Run through the data and copy out every line that mentions the word "Resort".

[Scraped caption text data]
========

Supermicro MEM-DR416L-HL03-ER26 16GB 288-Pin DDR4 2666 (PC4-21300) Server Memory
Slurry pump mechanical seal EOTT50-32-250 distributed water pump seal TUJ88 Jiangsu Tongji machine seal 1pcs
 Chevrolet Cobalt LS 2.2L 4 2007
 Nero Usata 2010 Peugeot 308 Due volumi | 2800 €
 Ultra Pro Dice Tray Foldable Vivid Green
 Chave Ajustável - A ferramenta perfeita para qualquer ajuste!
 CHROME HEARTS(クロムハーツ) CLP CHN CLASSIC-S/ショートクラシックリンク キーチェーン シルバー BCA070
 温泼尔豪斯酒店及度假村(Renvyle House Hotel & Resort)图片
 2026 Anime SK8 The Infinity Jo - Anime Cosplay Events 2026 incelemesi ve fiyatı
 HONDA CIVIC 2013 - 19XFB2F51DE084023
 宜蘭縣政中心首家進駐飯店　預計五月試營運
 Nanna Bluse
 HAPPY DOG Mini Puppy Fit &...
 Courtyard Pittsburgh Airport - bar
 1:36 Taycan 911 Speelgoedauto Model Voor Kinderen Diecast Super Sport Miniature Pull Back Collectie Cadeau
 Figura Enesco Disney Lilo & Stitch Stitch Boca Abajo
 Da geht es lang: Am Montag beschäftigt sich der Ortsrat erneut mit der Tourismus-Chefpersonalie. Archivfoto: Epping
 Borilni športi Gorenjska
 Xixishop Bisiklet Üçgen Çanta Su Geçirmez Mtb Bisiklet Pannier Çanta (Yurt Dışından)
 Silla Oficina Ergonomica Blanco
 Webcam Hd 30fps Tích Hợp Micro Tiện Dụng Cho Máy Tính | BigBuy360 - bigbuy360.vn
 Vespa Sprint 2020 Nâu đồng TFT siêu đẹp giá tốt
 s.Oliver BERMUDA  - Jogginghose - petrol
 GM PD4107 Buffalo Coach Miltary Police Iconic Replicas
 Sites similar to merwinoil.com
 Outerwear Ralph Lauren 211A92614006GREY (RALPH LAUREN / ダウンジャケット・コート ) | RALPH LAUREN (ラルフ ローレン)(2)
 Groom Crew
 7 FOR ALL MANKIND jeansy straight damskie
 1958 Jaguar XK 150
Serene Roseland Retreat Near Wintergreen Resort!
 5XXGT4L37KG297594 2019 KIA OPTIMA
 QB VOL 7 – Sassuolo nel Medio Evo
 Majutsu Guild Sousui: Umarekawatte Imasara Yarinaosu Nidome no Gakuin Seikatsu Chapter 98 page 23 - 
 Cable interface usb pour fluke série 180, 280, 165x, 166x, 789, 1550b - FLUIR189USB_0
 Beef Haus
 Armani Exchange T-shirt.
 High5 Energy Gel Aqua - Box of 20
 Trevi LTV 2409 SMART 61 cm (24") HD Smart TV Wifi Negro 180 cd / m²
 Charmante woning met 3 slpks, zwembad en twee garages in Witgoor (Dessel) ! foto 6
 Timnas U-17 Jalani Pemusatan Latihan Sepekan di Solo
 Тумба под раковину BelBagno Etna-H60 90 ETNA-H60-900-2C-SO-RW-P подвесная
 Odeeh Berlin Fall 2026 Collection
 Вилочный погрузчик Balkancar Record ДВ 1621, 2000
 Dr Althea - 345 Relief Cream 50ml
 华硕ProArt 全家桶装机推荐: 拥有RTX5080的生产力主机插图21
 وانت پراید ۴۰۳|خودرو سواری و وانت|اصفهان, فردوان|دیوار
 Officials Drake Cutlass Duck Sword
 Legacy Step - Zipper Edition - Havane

========

### EXERCISE OUTPUT:
 温泼尔豪斯酒店及度假村(Renvyle House Hotel & Resort)图片
Serene Roseland Retreat Near Wintergreen Resort!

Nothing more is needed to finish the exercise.